I didn’t even realize I had a framework for this before we spoke, but it turns out that I do, and it goes something like this:

  • Online steals share from offline at an accelerating pace 

    I’ve written before about how local / store-based retail needs to re-imagine its reason for being in the Amazon + iPad age, but a16z’s Jeff Jordan made the case much more forcefully — and with prettier charts — in this post. The net is that specialty retail merchandising as we know it will continue to exist, but dollars and attention will move online much faster than most retailers expect.

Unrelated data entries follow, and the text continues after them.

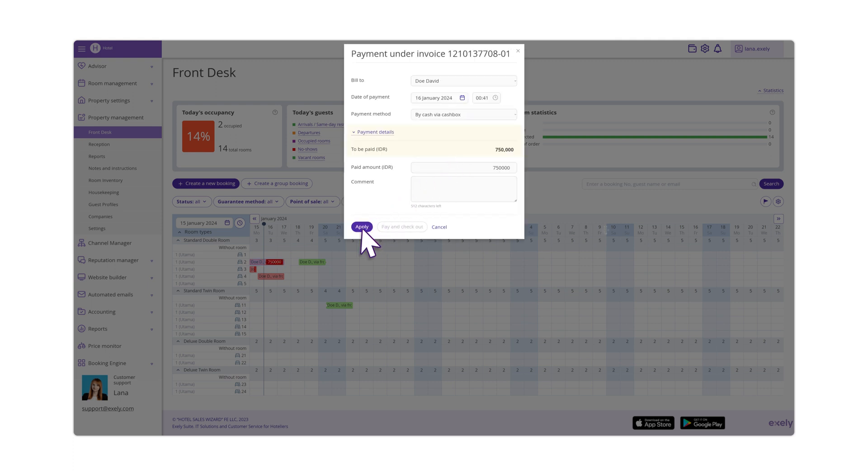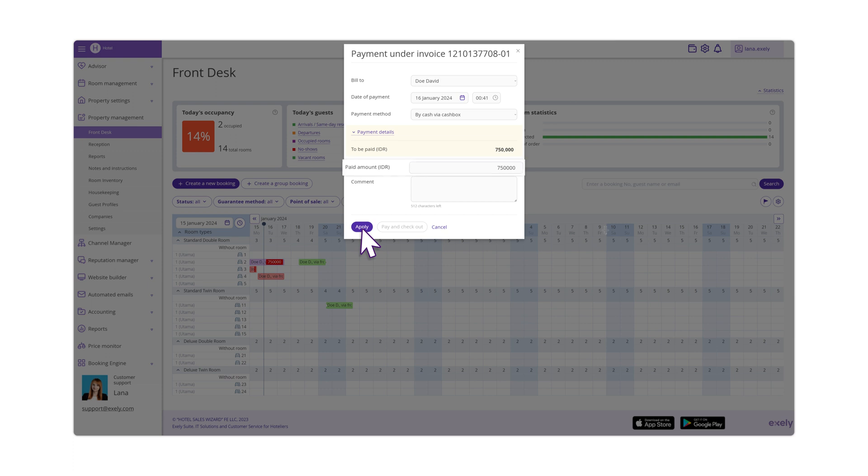If you selected Accommodate upon payment, make a payment in the system on the page opened. Indicate the date and time of payment as well as the amount paid. Then, click Apply.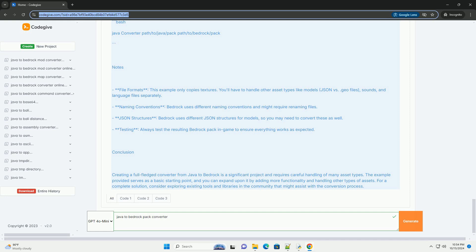Compile the project. Make sure your environment is set up to compile Java. Run the program. You can run the converter from the command line, providing the paths to your Java Pack and the desired output path for the Bedrock Pack.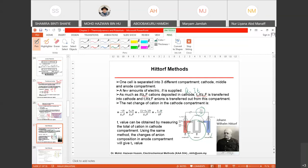T− value can be obtained by measuring the total cation in the cathode compartment. Using the same method, the changes in the anode compartment will give T+ value. The method is named Hittorf after its inventor, Johann Wilhelm Hittorf.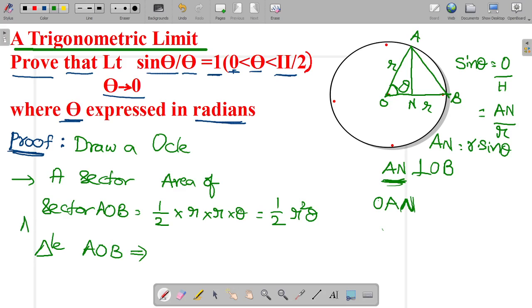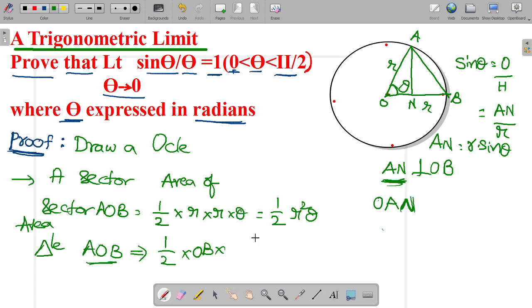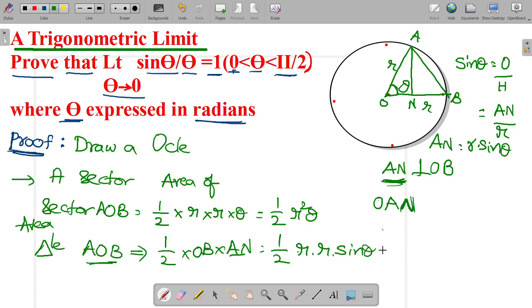Now find the area of triangle AOB. Area of triangle AOB equals half into base OB into height AN. Base OB is R and height AN is R into sine theta. So the area of triangle AOB equals half into R into R into sine theta, which gives half R squared sine theta.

  • Superstores will dominate direct-nav online retail

    Humans are efficient (lazy is another, less-nice word for it) and the more retail moves online, the more crap they have to wade through to find what they’re looking for. Which means that the biggest online superstores (and Amazon is the dominant player here) will control an ever-larger share of online shopping discovery as well as transaction volume — because they just make it easier than anyone else to find and buy what you’re looking for.

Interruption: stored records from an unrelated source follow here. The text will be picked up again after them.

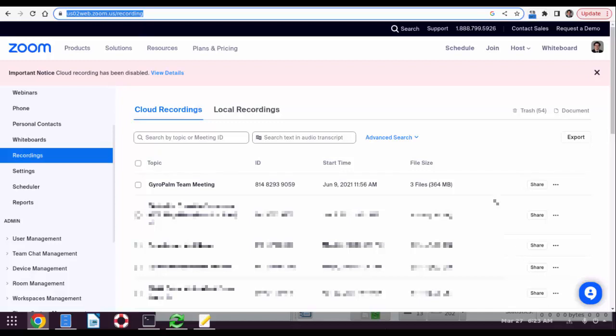All right, in this quick tutorial we're going to demonstrate how to move your cloud recordings from Zoom onto Google Drive. A lot of people know that Zoom cloud recording is very convenient because when you start a meeting it will start recording to the cloud even if your computer fails.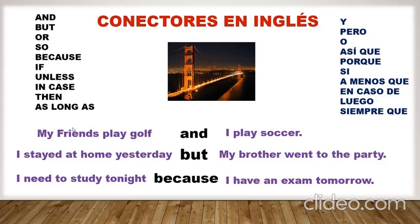Aquí tenemos tres ejemplos con los conectores en inglés. My friend plays golf and I play soccer. And es el conector. I stayed at home yesterday but my brother went to the party. But es el conector. I need to study tonight because I have an exam tomorrow. Because es el conector en la tercera oración.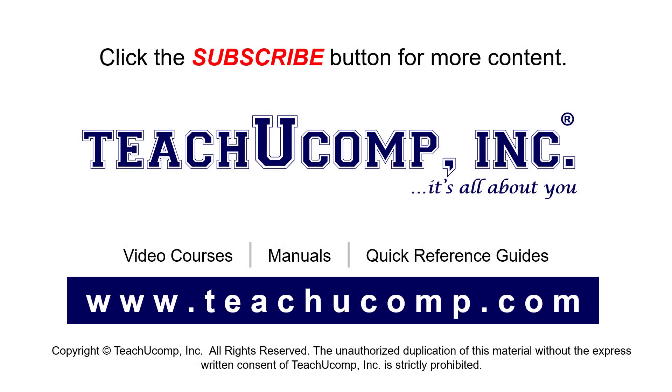Remember to click the subscribe button to see more of our videos. See our full suite of courses, instruction manuals, and quick reference guides at www.teachucomp.com.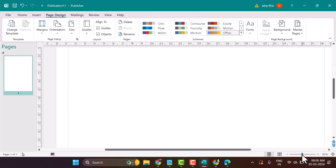So this is the way you can set up and change paper size in Microsoft Publisher. Thanks for watching.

  • The biggest and best-run specialty retailers will dominate their online niches 

    As physical location and retail storefronts fade in importance, specialty niches that once accommodated many strong regional players will experience significant concentration, with a small handful of tech-savvy incumbents seizing the same direct-nav leadership role in their niche that Amazon does in general retail (e.g., in Outdoor, REI and Backcountry.com will win at the expense of regional chains like A16 and Paragon Sports).
  • Branded platforms + marketplaces will pull together the long-tail of specialty retail 

    As direct-nav pulls away and search-based discovery gets (even) harder, small merchants (the ones that run single-location storefronts or small regional chains today) will increasingly gravitate to branded seller platforms (Storenvy, Shopify) and marketplaces (Etsy, ebay) to benefit from their umbrella brands and traffic pipelines, versus trying to go it alone.

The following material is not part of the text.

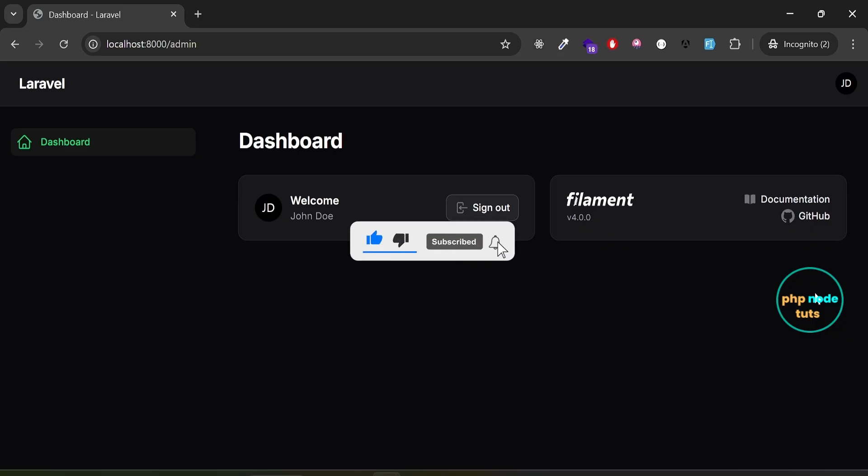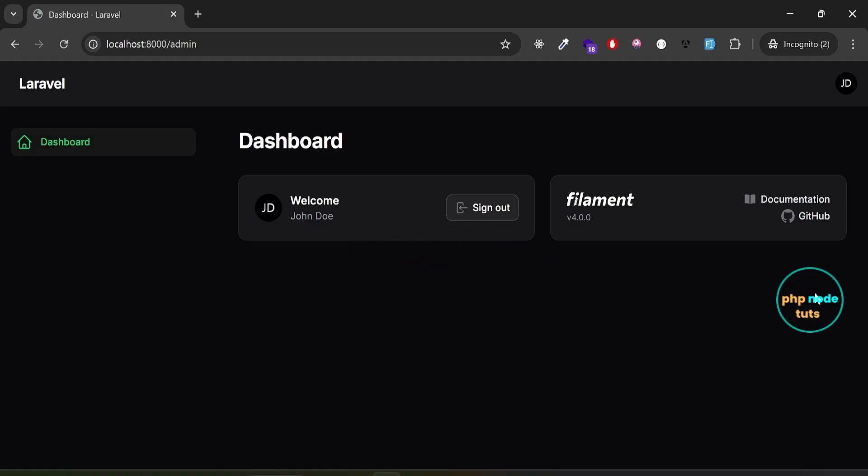In today's super quick tutorial, I'll show you how to remove the default filament info widget and account widget from your filament for dashboard in under one minute. Let's get started.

  • Social curation and “native monetization” lifestyle media will replace search as the gateway to specialty retail

    Where search (SEM + SEO) was the leading channel for new customer acquisition in the past, specialty retailers will have to master a whole new set of traffic skills to profitably acquire customers going forward. Social — a catch-phrase for a huge range of platforms and tactics, but led by Pinterest, Twitter and Facebook — will dominate the organic / unpaid side of the house. “Native” product placement in digital lifestyle media — think architects submitting portfolio images to Houzz or designers paying for product reviews by influential lifestyle bloggers — will replace search ads as the most effective paid strategies.

  • Native mobile — and especially tablet apps — will leave web / mobile web in the dust

    Consumers’ preference for native mobile shopping experiences vs. mobile-aware web ones continues to surprise old-time web-heads like me. The iPad (and competing Android tablet offerings) has quickly become shoppers’ preferred way to shop online, and brands that take full advantage of its tactile UX (supporting app-like flourishes like swipe, pinch, etc.) are meeting customers where they want to be. Notice Fab’s decision to go native (despite massive success with Web and email), understand that a third of their visits and sales now happen via native apps and you can see where the puck is going.

None of this will happen overnight, and the specialty retail marketplace is so huge that there are still plenty of opportunities to sell digital solutions to traditional specialty retailers of all shapes and sizes. But if you’re placing a bet on the future, you should assume that this market shrinks rather than grows — and that weaker players will begin to fail at an accelerating rate as the combined shifts to online and tablet take their toll.
Think I’m dead-wrong? Have more evidence to support the arguments above? Please let me know!